Der Geruch von Tee ist überwältigend, wenn man die Fabrik betritt und die blühenden Blumen, die das Anwesen säumen leuchten vor der Kulisse der grünen Teefelder und dem tiefblauen Meer. Es rattert und duftet und alle Sinne sind sofort gefordert. Die antiken Maschinen sehen aus wie in einem Museum, sind jedoch ausnahmslos alle noch in Betrieb. Die originalen Marshall-Maschinen sind in makellosem Zustand und das obwohl sie beinahe das gesamte Jahr über Tee produzieren. Besuchern ist es gestattet durch die Anlage zu streunen, tief einzuatmen und die Arbeiter zu beobachten, während sie von Hand und mit viel Hingabe den Tee von einer Maschine zu anderen transportieren, ihn sortieren und abpacken. In den Räumen im Obergeschoss und im Keller, die leider nicht für Touristen zugänglich sind, finden sich außerdem zwei weitere wichtige Schritte in der traditionellen Teeherstellung. Die Trocknung des Tees in extra dafür hergestellten Holzapparaturen findet oben statt, im Untergeschoss werden die Blätter, welche zu schwarzem Tee verarbeitet werden, der Luft ausgesetzt um zu oxidieren und zu fermentieren. Anschließend wird er in den Haupträumen getrocknet und weiterverarbeitet. Der grüne Tee hingegen durchläuft keine Fermentation sondern wird stattdessen mit Dampf behandelt und im Anschluss nach der Hysson-Methode gerollt und getrocknet.

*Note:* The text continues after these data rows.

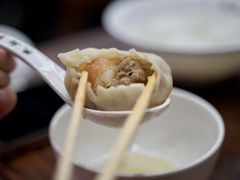 -朱新年·苏式汤团·面点(北寺塔店)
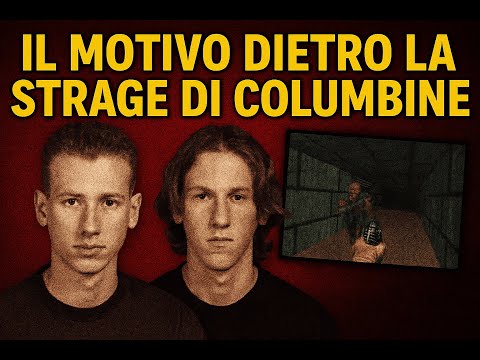 Strage di Columbine, Videogiochi e violenza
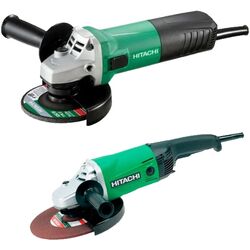 Set polizoare unghiulare Hitachi G23SU2-NN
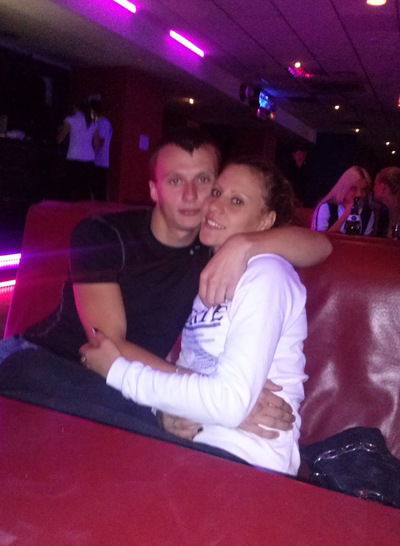 Мария Щербакова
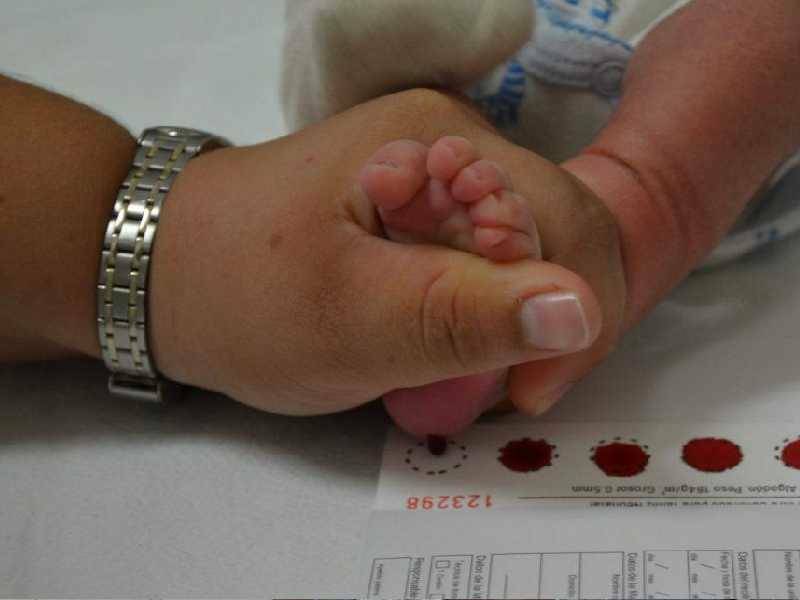 Arranca aplicación gratuita de tamiz ampliado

In einem Vorraum gibt es außerdem einen informativen Film darüber, wie der Tee auf die Azoren kam und wie genau sich die Fabrik Chá Gorreana entwickelt hat. Das Highlight ist jedoch der kleine Shop, in dem man kostenfrei jede der von der Fabrik hergestellten Teesorten probieren darf.  Die vier wichtigsten Sorten im Sortiment sind der Grüntee sowie die Schwarzteevarianten Orange Pekoe, Broken Leaf und Pekoe. Mittlerweile gibt es aber auch ausgefallenere Sorten, Mischungen und Infusionen, zum Beispiel Jasmin, weißen Tee oder Zitronenverbene. Zum Tee sollte man außerdem die ebenfalls vor Ort hergestellten Teekekse, Eiscremesorten und Gebäckstücke probieren. Nach der Verkostung kann man den Lieblingstee auch vor Ort erwerben und somit das perfekte Souvenir für die Lieben daheim einpacken.

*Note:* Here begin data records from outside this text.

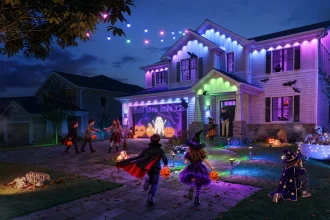 Oct. 19th - Oct. 27th PDT Halloween Magic Starts Here Buy $219+ Get Free Gift Claim Your Halloween Gift Valued at $139.9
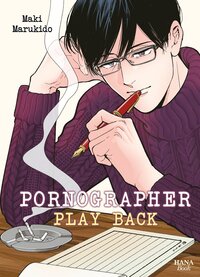Picture of Pornographer Playback
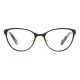 Spectacle frame Kate Spade TILLIE-807E616 Black Ø 46 mm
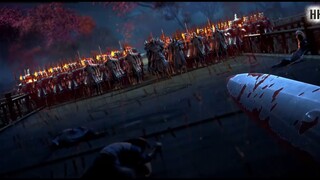 Thần Quốc Chi Thượng - Tập 1-2-3 Full HD Vietsub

Im Anschluss sollte man auf jeden Fall noch die wunderschönen Plantagen selbst erkunden. Ein ausgiebiger Rundwanderweg führt für circa eineinhalb Stunden und auf einer Länge von dreieinhalb Kilometern durch die grün bewachsenen Hügel.

Es ist die Vielfalt, die die Azoren und São Miguel so besonders machen. Spektakuläre Landschaften, aktive Vulkane, der wilde atlantische Ozean und eben auch eine einzigartige Teeplantage.